§ Data to use:
──────

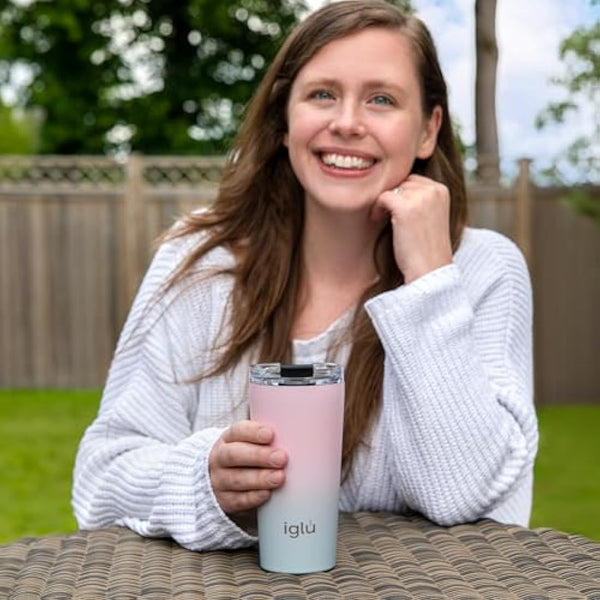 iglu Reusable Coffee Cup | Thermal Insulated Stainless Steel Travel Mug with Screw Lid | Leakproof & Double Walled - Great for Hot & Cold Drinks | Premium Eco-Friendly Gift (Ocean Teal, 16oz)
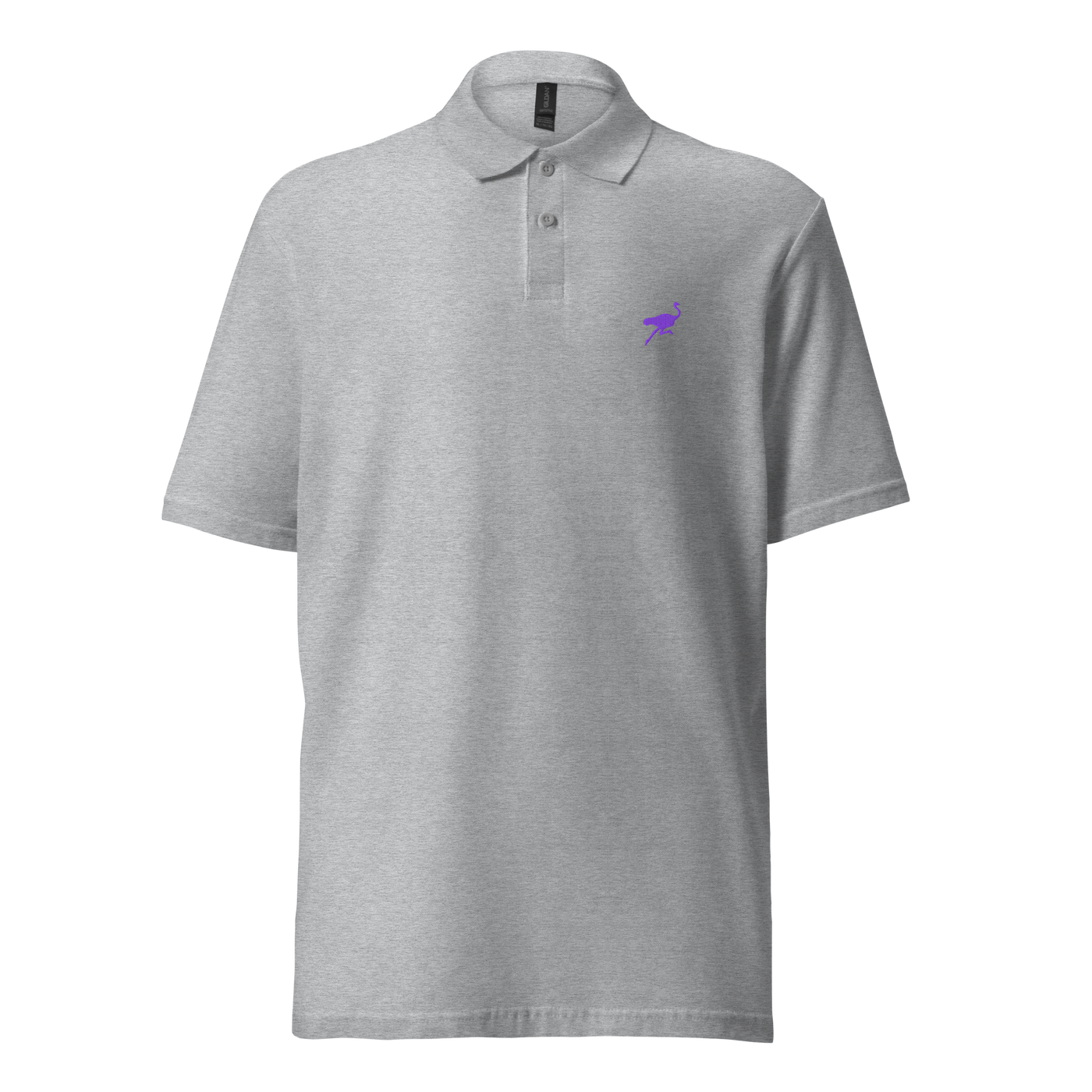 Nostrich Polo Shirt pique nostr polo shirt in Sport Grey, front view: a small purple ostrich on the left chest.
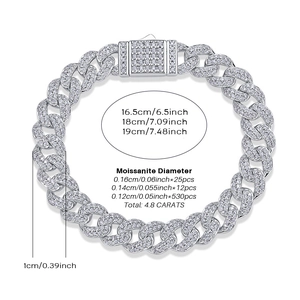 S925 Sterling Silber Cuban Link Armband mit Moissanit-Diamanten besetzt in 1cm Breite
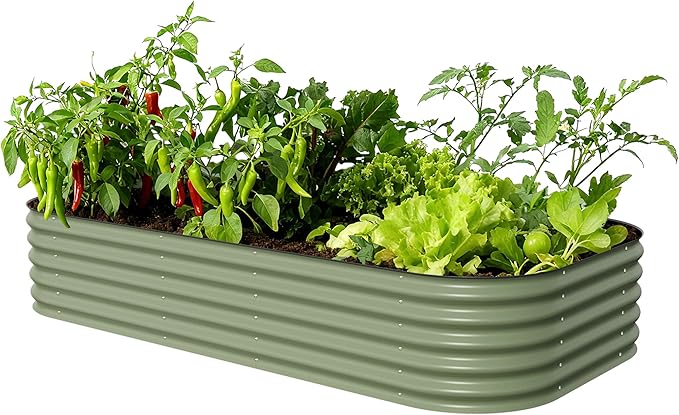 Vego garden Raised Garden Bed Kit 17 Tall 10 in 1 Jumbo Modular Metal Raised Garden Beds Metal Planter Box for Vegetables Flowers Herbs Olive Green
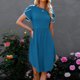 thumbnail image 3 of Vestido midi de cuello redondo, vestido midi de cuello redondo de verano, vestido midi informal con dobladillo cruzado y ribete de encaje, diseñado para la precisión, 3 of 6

──────

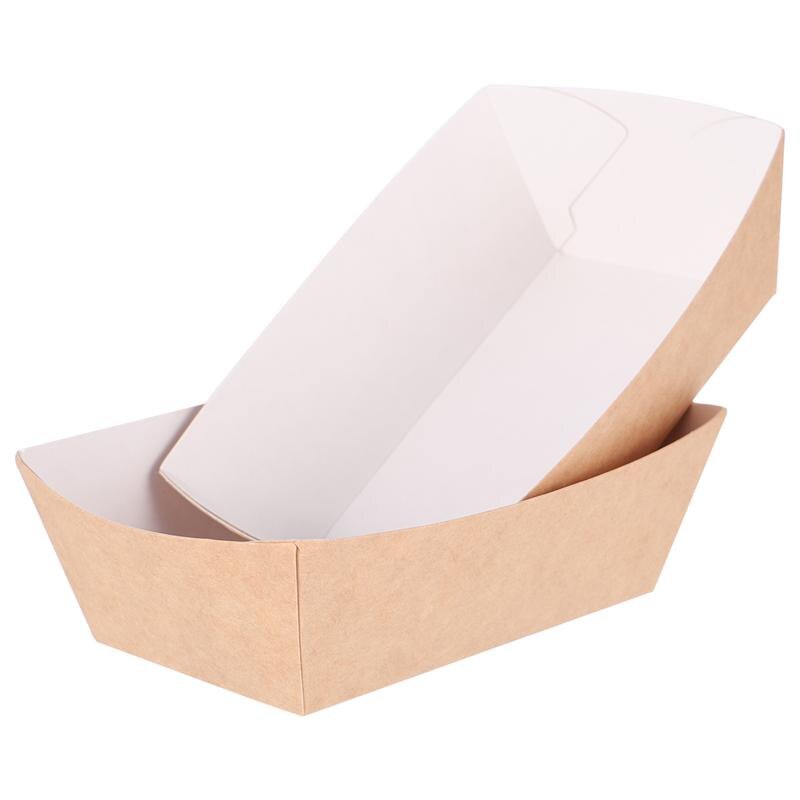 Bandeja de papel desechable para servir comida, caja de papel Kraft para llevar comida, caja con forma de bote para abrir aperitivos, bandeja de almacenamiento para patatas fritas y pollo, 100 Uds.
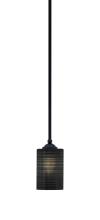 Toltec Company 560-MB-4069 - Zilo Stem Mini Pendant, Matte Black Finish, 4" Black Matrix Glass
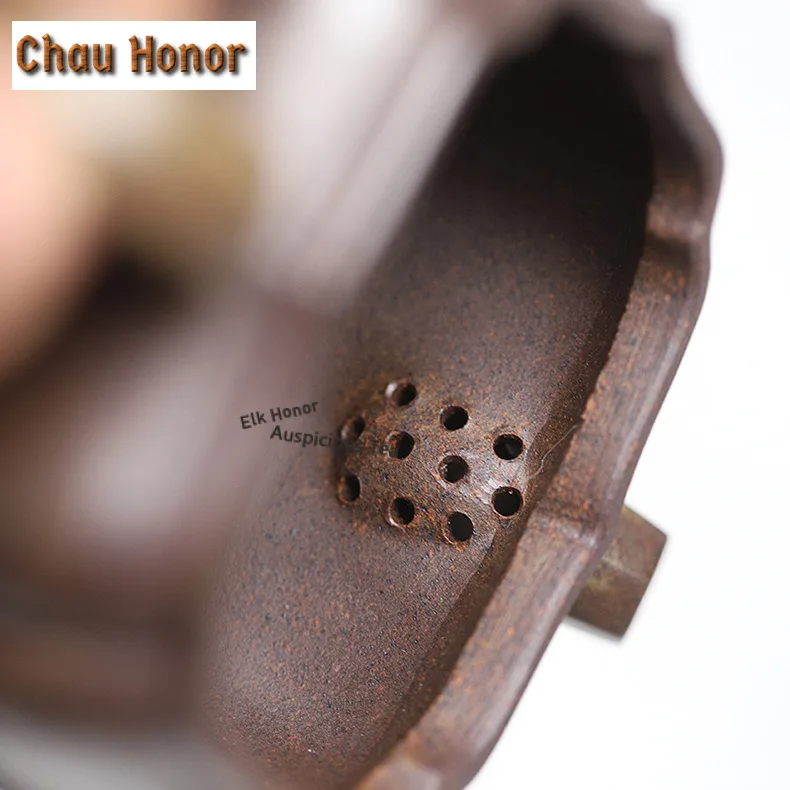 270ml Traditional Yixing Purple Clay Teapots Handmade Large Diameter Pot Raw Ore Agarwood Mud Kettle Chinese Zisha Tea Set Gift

──────

§ What to do:
Using the entries above, transcribe exactly from the line that has "iglu Reusable Coffee" through the line that has "thumbnail image 3". Pictures are dropped.

§ Answer space:
 iglu Reusable Coffee Cup | Thermal Insulated Stainless Steel Travel Mug with Screw Lid | Leakproof & Double Walled - Great for Hot & Cold Drinks | Premium Eco-Friendly Gift (Ocean Teal, 16oz)
 Nostrich Polo Shirt pique nostr polo shirt in Sport Grey, front view: a small purple ostrich on the left chest.
 S925 Sterling Silber Cuban Link Armband mit Moissanit-Diamanten besetzt in 1cm Breite
 Vego garden Raised Garden Bed Kit 17 Tall 10 in 1 Jumbo Modular Metal Raised Garden Beds Metal Planter Box for Vegetables Flowers Herbs Olive Green
 thumbnail image 3 of Vestido midi de cuello redondo, vestido midi de cuello redondo de verano, vestido midi informal con dobladillo cruzado y ribete de encaje, diseñado para la precisión, 3 of 6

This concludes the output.